What you need to do: Here are the records. Write out exactly the lines between the one holding "Demo di Kantor" and the one holding "SugarNadya: Selama pelajaran", inclusive.

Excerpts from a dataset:
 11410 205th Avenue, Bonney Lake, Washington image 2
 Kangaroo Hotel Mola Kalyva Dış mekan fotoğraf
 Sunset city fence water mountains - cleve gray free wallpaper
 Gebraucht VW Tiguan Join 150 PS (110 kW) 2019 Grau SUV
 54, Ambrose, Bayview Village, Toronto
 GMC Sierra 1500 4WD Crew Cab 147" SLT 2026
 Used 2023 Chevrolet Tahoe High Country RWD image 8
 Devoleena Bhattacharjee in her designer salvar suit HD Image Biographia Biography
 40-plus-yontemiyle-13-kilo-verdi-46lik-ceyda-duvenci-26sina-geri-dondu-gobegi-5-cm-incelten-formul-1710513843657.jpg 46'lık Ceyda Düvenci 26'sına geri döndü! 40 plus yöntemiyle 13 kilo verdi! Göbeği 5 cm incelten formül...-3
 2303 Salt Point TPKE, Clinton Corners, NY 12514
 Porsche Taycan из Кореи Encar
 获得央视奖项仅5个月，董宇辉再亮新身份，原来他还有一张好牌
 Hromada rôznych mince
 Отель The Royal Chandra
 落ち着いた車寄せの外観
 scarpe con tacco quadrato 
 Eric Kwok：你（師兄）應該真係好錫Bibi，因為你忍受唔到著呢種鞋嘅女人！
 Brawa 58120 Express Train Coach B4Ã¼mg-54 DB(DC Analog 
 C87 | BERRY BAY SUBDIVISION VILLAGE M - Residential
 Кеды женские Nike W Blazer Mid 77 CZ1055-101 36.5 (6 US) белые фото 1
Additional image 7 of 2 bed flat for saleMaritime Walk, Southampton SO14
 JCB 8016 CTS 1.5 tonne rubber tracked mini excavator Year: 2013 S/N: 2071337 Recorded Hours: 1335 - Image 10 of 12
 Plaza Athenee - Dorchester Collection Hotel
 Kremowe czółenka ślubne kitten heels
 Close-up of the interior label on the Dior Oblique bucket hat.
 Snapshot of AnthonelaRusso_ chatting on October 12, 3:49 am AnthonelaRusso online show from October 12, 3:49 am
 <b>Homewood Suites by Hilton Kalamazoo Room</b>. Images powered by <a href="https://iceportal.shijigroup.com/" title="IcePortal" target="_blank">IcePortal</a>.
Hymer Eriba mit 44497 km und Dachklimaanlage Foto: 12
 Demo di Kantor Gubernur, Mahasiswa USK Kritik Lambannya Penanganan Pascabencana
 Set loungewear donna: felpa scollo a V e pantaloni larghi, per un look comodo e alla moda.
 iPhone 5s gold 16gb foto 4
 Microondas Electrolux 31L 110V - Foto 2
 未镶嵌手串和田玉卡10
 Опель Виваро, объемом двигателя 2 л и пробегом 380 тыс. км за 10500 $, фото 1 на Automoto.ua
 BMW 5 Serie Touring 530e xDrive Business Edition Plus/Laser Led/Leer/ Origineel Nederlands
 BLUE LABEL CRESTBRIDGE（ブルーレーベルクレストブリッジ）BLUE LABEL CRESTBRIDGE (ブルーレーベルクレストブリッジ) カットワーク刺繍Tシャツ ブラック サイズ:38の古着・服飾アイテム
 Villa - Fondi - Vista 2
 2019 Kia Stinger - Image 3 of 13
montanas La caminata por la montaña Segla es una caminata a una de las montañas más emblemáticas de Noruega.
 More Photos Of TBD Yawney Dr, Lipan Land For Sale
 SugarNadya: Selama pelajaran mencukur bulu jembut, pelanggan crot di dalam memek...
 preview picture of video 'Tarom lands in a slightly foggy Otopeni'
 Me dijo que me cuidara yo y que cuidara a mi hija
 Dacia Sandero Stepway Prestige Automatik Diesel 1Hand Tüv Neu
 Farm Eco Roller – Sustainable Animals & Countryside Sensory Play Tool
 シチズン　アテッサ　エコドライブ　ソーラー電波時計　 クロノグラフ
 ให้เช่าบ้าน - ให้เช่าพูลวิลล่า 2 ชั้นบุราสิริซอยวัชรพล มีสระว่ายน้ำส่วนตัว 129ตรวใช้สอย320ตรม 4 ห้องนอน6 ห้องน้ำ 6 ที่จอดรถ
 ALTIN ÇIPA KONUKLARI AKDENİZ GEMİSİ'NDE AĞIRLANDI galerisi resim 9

Reply:
 Demo di Kantor Gubernur, Mahasiswa USK Kritik Lambannya Penanganan Pascabencana
 Set loungewear donna: felpa scollo a V e pantaloni larghi, per un look comodo e alla moda.
 iPhone 5s gold 16gb foto 4
 Microondas Electrolux 31L 110V - Foto 2
 未镶嵌手串和田玉卡10
 Опель Виваро, объемом двигателя 2 л и пробегом 380 тыс. км за 10500 $, фото 1 на Automoto.ua
 BMW 5 Serie Touring 530e xDrive Business Edition Plus/Laser Led/Leer/ Origineel Nederlands
 BLUE LABEL CRESTBRIDGE（ブルーレーベルクレストブリッジ）BLUE LABEL CRESTBRIDGE (ブルーレーベルクレストブリッジ) カットワーク刺繍Tシャツ ブラック サイズ:38の古着・服飾アイテム
 Villa - Fondi - Vista 2
 2019 Kia Stinger - Image 3 of 13
montanas La caminata por la montaña Segla es una caminata a una de las montañas más emblemáticas de Noruega.
 More Photos Of TBD Yawney Dr, Lipan Land For Sale
 SugarNadya: Selama pelajaran mencukur bulu jembut, pelanggan crot di dalam memek...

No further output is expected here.